Assignment: The response should contain all of the data below, reproduced exactly, and no pictures.

Input:
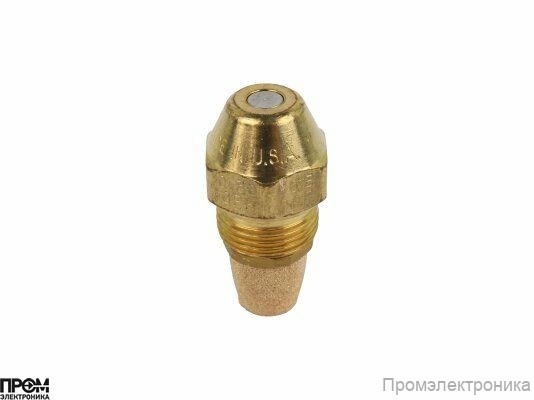 Форсунка Delavan 0.30/60° B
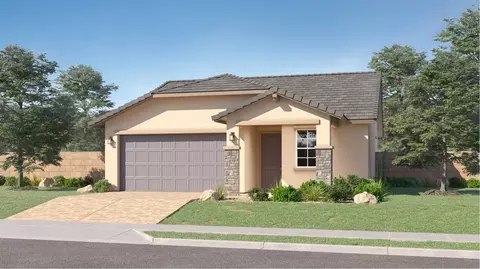 18637 W Hiddenview Dr, Goodyear, AZ 85338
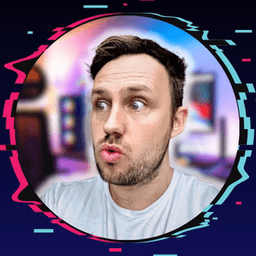 cestleserge avatar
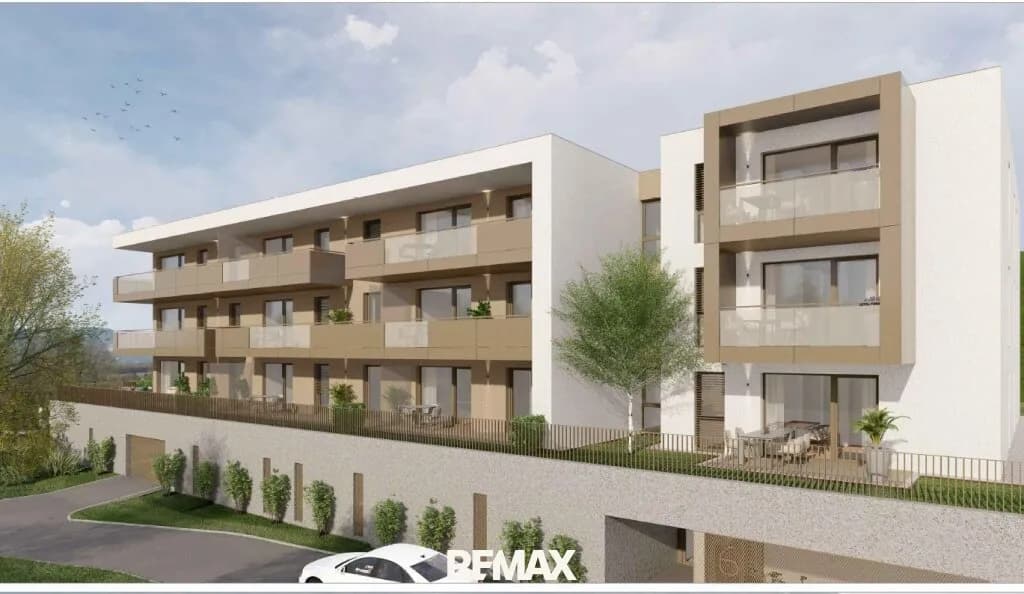 Immobilie kaufen in Steyr-Land – 2 218 m² – Bild 3 von 6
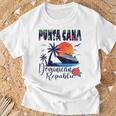 Family Gifts, Family Shirts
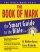BOOK OF MARK THE PB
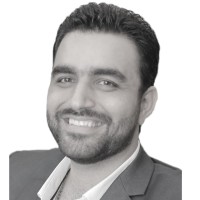 Roy Nasr Email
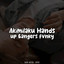Dwipa Nation DJ Akimilaku x Hands Up Bangers Fvnky - Remix
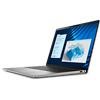 Dell Latitude 5455 Laptop
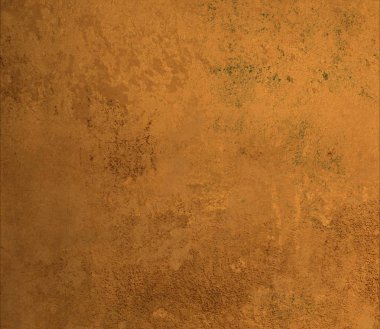 Grunge çağdaş sanat. El sanat yapılmış. renkli doku. Modern sanat. Yağlı boya darbeleri. Darbeleri. Sanatsal arka plan. Soyut resim tuval üzerine.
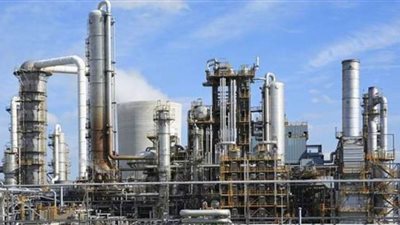 للحد من الاستيراد وتوفير العملة.. الحكومة تواصل فرض رسوم على الصادرات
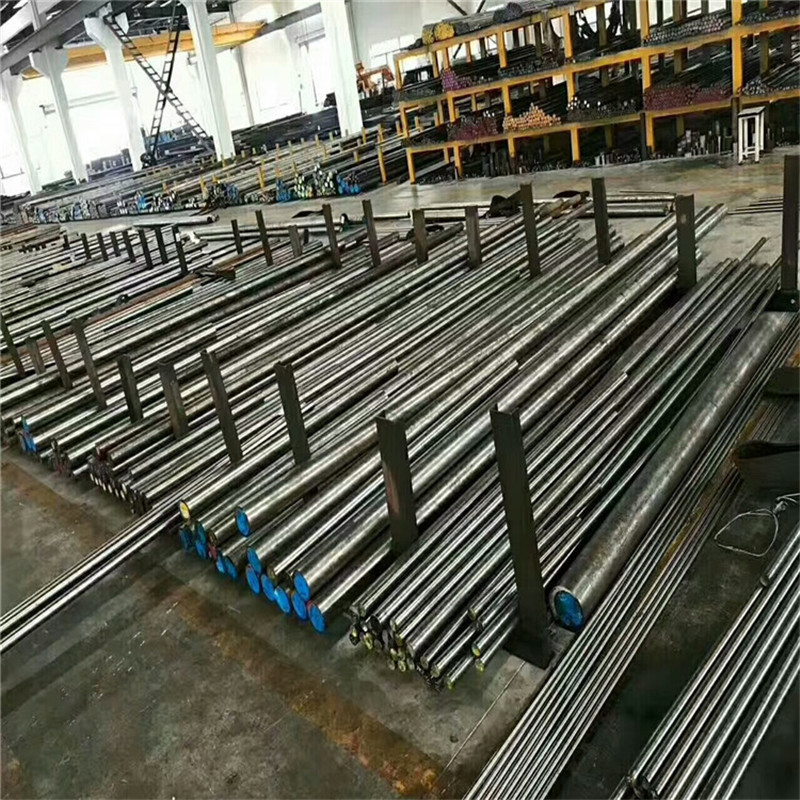 KRCX模具钢_抗拉强度,薄板,板材,圆钢,锻件_技术参数 KRCX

Response to this task:
 Форсунка Delavan 0.30/60° B
 18637 W Hiddenview Dr, Goodyear, AZ 85338
 cestleserge avatar
 Immobilie kaufen in Steyr-Land – 2 218 m² – Bild 3 von 6
 Family Gifts, Family Shirts
BOOK OF MARK THE PB
 Roy Nasr Email
Dwipa Nation DJ Akimilaku x Hands Up Bangers Fvnky - Remix
 Dell Latitude 5455 Laptop
 Grunge çağdaş sanat. El sanat yapılmış. renkli doku. Modern sanat. Yağlı boya darbeleri. Darbeleri. Sanatsal arka plan. Soyut resim tuval üzerine.
 للحد من الاستيراد وتوفير العملة.. الحكومة تواصل فرض رسوم على الصادرات
 KRCX模具钢_抗拉强度,薄板,板材,圆钢,锻件_技术参数 KRCX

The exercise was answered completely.